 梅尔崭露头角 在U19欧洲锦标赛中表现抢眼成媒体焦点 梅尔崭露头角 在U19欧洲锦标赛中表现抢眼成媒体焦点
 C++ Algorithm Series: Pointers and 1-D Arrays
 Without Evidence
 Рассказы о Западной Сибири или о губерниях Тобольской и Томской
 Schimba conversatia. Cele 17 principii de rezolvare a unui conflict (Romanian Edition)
##############################
▶ [Task instructions]:
What you output must match the lines from the beginning of the material through the line with "Рассказы о Западной" exactly, both ends included.

▶ [Your response]:
 梅尔崭露头角 在U19欧洲锦标赛中表现抢眼成媒体焦点 梅尔崭露头角 在U19欧洲锦标赛中表现抢眼成媒体焦点
 C++ Algorithm Series: Pointers and 1-D Arrays
 Without Evidence
 Рассказы о Западной Сибири или о губерниях Тобольской и Томской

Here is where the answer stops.